Exercise:
Write the lines below out exactly, dropping each picture.

Information provided:
=== Begin Enclosure ===

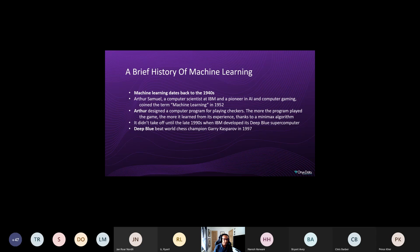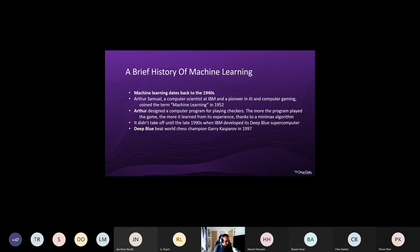Machine learning dates back to the 1940s. Arthur Samuel, a computer scientist at IBM and pioneer in AI and computer gaming, coined the term 'machine learning' in 1952. He designed a computer program for playing checkers — the more the program played, the more it learned from experience, thanks to an algorithm called the minimax algorithm. Machine learning didn't really take off until the late 1990s when IBM developed its Deep Blue supercomputer, famous for beating world chess champion Garry Kasparov in 1997.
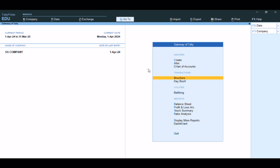That's how to put entries with GST in Tally. In the next video, we will see another chapter.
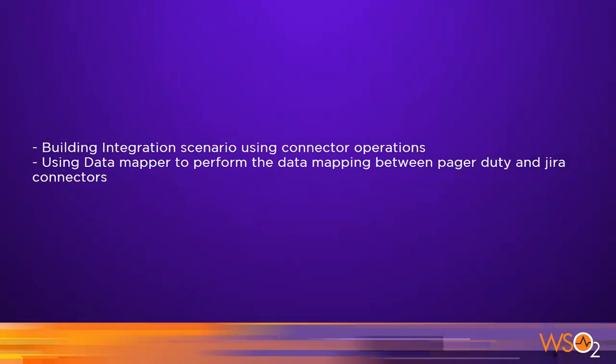In this clip, we will look at how to build the integration scenario using connector operations and how to use the data mapper to perform the data mapping between PagerDuty and Jira connectors.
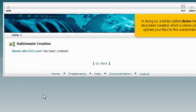In doing so, a folder called Demo has also been created, which is where you upload your files for this subdomain.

=== End Enclosure ===

Expected answer:
Machine learning dates back to the 1940s. Arthur Samuel, a computer scientist at IBM and pioneer in AI and computer gaming, coined the term 'machine learning' in 1952. He designed a computer program for playing checkers — the more the program played, the more it learned from experience, thanks to an algorithm called the minimax algorithm. Machine learning didn't really take off until the late 1990s when IBM developed its Deep Blue supercomputer, famous for beating world chess champion Garry Kasparov in 1997.
That's how to put entries with GST in Tally. In the next video, we will see another chapter.
In this clip, we will look at how to build the integration scenario using connector operations and how to use the data mapper to perform the data mapping between PagerDuty and Jira connectors.
In doing so, a folder called Demo has also been created, which is where you upload your files for this subdomain.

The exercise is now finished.